= Assignment =
Copy each entry below unchanged; the images do not go in the copy.

[Records drawn from a dataset]
──────

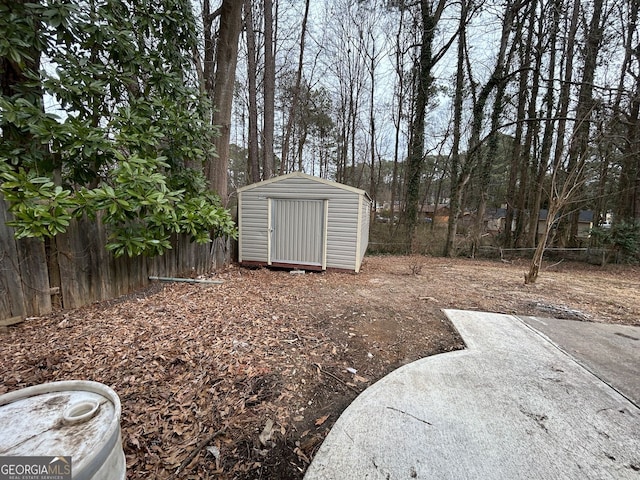 view of yard featuring a shed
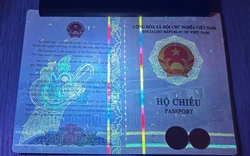 Vô tình soi tia UV lên hộ chiếu Việt Nam, cô gái sững sờ trước hình ảnh hiện ra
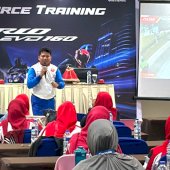 Asmo Sulsel Latih 40 Sales Honda, Safety Riding Jadi Bekal Sambut New Vario Evo 160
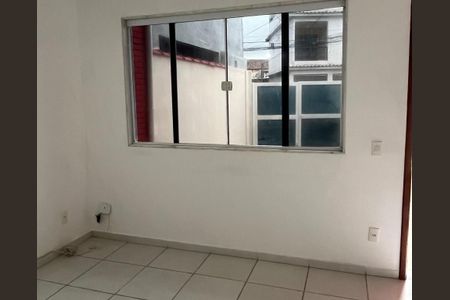 Casa para alugar com 80m², 2 quartos e 1 vaga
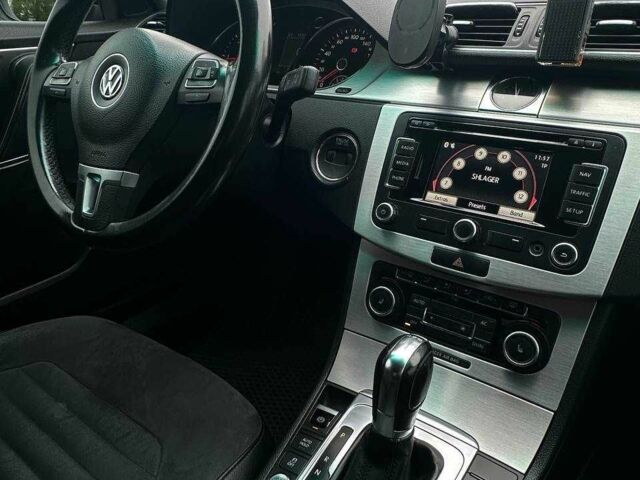 Черный Фольксваген Пассат, объемом двигателя 2 л и пробегом 271 тыс. км за 10500 $, фото 7 на Automoto.ua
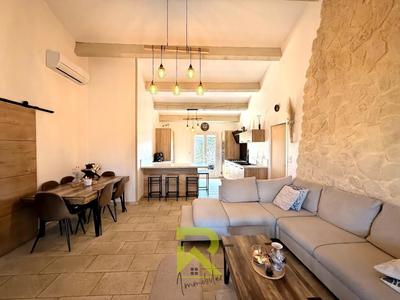 Maison - 115 m² - 6 pièces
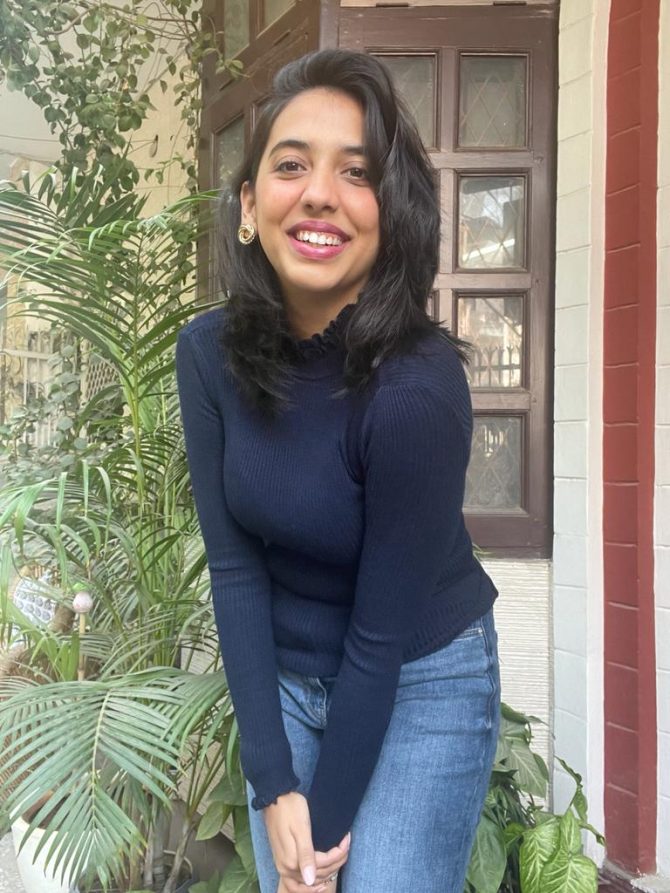 Navy Ruffle Turtleneck (Free Size)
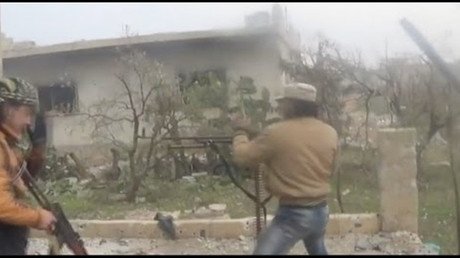 Francotirador mata con un disparo certero en la cabeza a un islamista que presumía ante la cámara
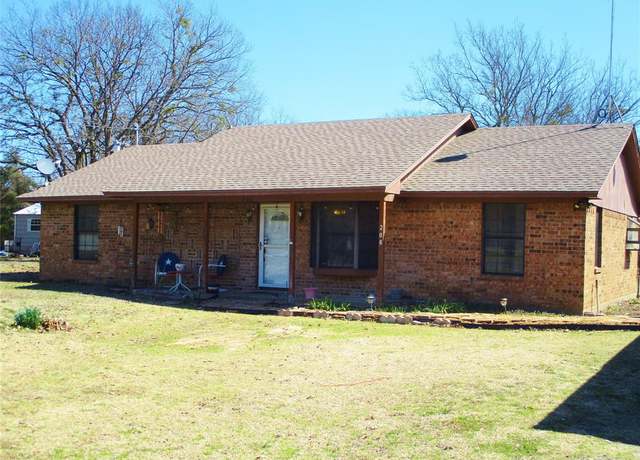 Property at 206 N Main St, Bailey, TX 75413, 3 beds, 2 baths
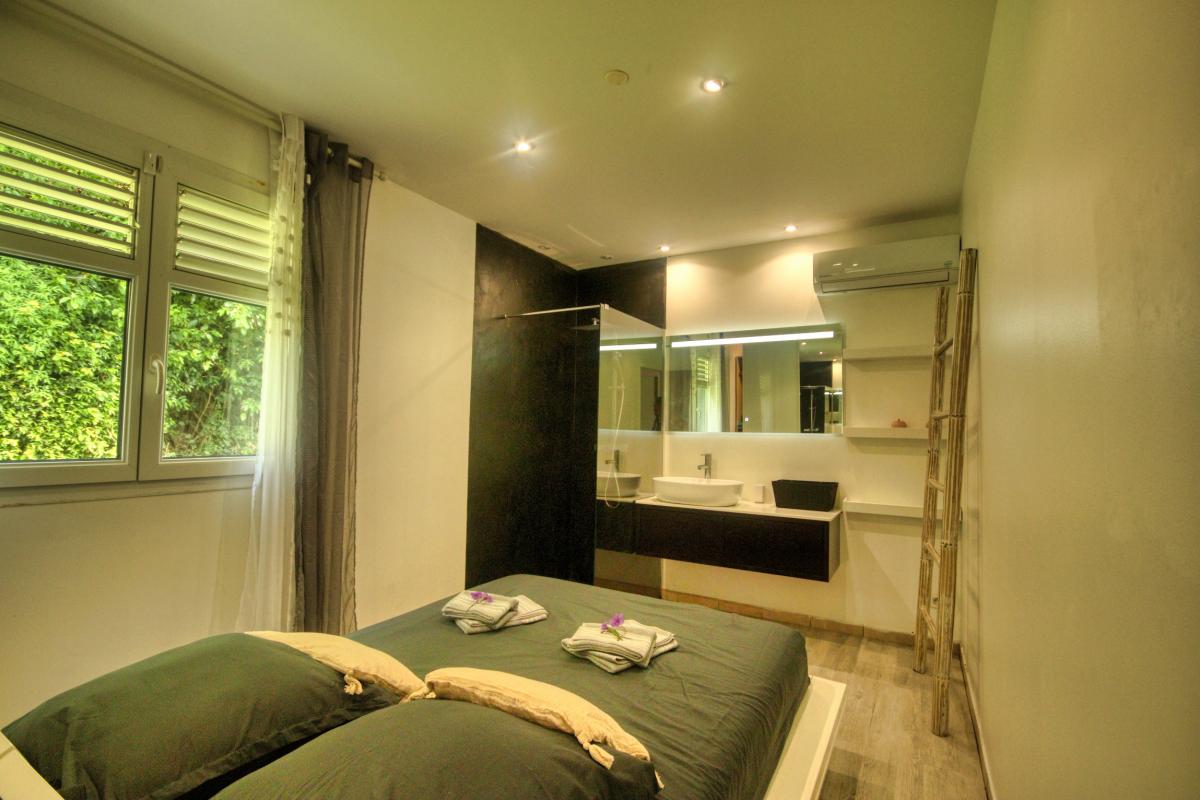 17-Location-villa-Martinique_Chambre-2-salle-d'eau-2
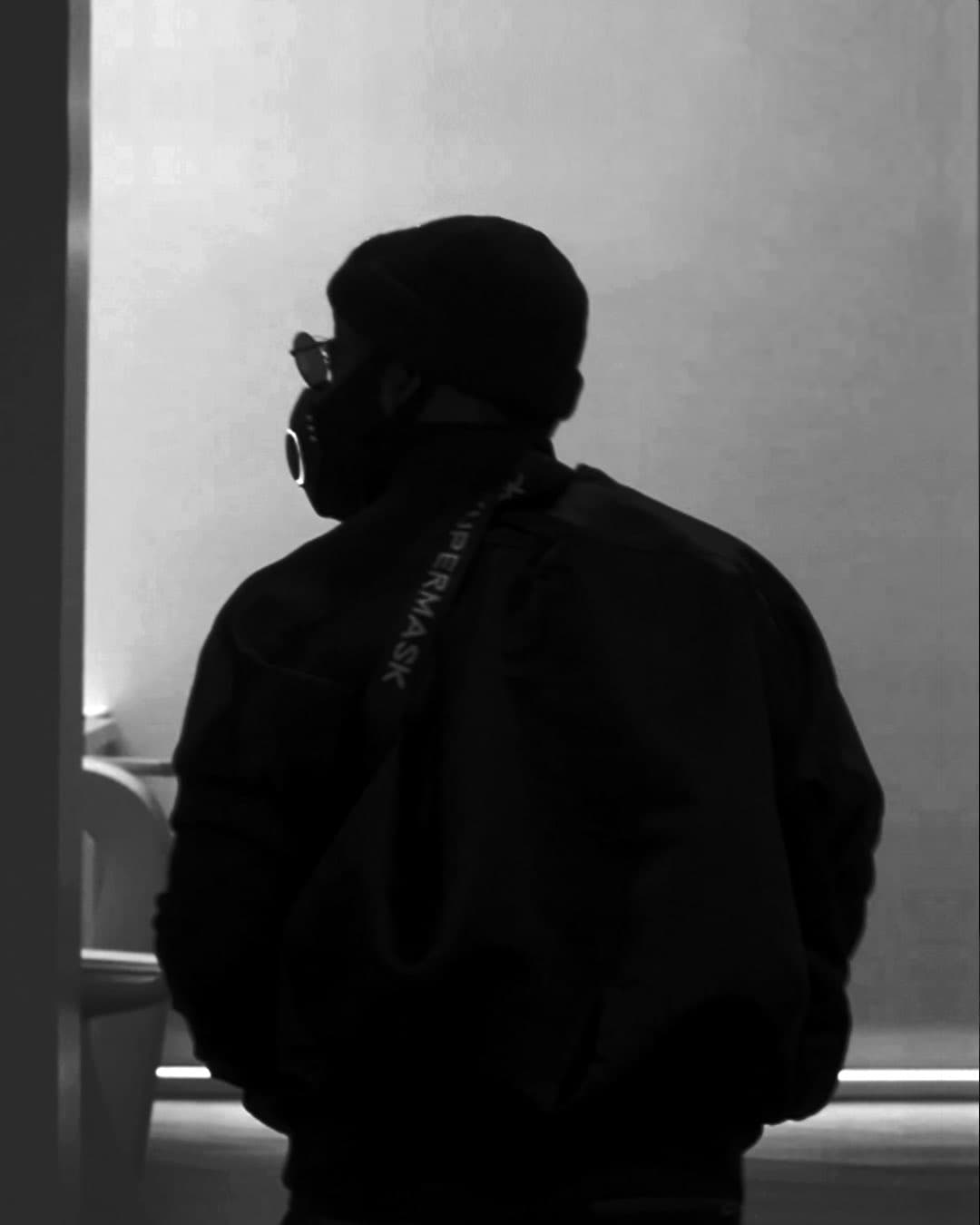 La mascarilla viene equipada con ventiladores duales de tres velocidades y filtros HEPA.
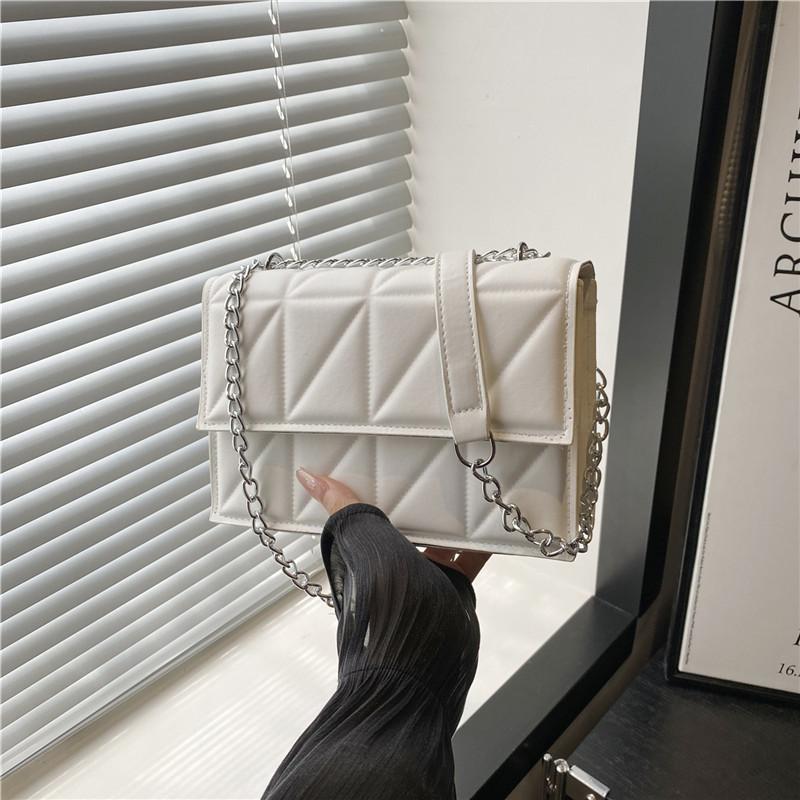 Bag Women's New Small Square Bag Personalized Diamond Chain New Casual Aesthetic Temperament Shoulder Messenger Bag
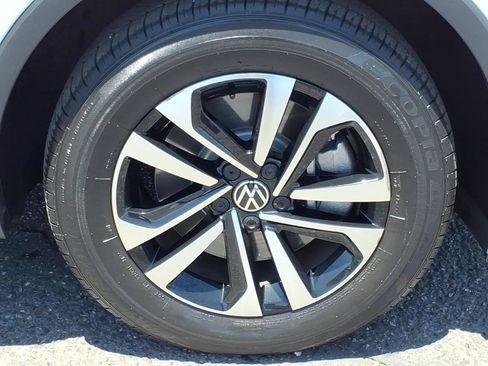 Certified 2023 Volkswagen Tiguan S FWD image 9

──────

= Response =
 view of yard featuring a shed
 Vô tình soi tia UV lên hộ chiếu Việt Nam, cô gái sững sờ trước hình ảnh hiện ra
 Asmo Sulsel Latih 40 Sales Honda, Safety Riding Jadi Bekal Sambut New Vario Evo 160
 Casa para alugar com 80m², 2 quartos e 1 vaga
 Черный Фольксваген Пассат, объемом двигателя 2 л и пробегом 271 тыс. км за 10500 $, фото 7 на Automoto.ua
 Maison - 115 m² - 6 pièces
 Navy Ruffle Turtleneck (Free Size)
 Francotirador mata con un disparo certero en la cabeza a un islamista que presumía ante la cámara
 Property at 206 N Main St, Bailey, TX 75413, 3 beds, 2 baths
 17-Location-villa-Martinique_Chambre-2-salle-d'eau-2
 La mascarilla viene equipada con ventiladores duales de tres velocidades y filtros HEPA.
 Bag Women's New Small Square Bag Personalized Diamond Chain New Casual Aesthetic Temperament Shoulder Messenger Bag
 Certified 2023 Volkswagen Tiguan S FWD image 9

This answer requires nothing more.